What is needed
Lines from the beginning of the data through the line containing "SKU Forecasting" are to be copied exactly, with no other line included.

The data
>>>>

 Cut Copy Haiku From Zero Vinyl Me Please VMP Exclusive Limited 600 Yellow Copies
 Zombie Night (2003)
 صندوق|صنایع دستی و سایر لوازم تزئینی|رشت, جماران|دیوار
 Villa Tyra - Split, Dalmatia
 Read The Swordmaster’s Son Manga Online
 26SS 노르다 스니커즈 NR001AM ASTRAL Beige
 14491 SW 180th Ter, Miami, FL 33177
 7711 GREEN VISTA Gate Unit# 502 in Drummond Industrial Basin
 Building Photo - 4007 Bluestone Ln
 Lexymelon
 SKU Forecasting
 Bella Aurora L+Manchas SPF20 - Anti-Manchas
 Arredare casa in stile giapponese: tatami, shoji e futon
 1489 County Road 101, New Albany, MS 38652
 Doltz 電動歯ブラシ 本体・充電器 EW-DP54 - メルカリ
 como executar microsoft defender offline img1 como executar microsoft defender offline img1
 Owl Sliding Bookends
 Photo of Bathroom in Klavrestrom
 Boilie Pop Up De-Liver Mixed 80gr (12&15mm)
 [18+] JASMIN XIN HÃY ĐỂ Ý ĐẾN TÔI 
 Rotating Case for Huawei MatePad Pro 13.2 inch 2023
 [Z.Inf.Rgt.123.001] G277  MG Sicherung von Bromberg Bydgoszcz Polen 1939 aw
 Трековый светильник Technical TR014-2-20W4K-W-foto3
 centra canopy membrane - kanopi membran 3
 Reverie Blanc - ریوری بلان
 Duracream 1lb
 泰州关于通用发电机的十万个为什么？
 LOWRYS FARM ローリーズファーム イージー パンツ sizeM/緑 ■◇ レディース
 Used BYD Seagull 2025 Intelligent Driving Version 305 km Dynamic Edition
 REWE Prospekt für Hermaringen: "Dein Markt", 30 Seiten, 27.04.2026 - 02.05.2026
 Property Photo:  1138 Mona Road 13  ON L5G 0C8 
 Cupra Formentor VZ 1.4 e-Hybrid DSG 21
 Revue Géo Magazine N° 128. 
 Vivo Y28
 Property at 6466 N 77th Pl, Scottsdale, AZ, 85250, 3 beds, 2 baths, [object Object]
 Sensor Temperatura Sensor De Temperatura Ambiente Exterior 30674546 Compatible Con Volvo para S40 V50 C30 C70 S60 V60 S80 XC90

<<<<

Result of the task
 Cut Copy Haiku From Zero Vinyl Me Please VMP Exclusive Limited 600 Yellow Copies
 Zombie Night (2003)
 صندوق|صنایع دستی و سایر لوازم تزئینی|رشت, جماران|دیوار
 Villa Tyra - Split, Dalmatia
 Read The Swordmaster’s Son Manga Online
 26SS 노르다 스니커즈 NR001AM ASTRAL Beige
 14491 SW 180th Ter, Miami, FL 33177
 7711 GREEN VISTA Gate Unit# 502 in Drummond Industrial Basin
 Building Photo - 4007 Bluestone Ln
 Lexymelon
 SKU Forecasting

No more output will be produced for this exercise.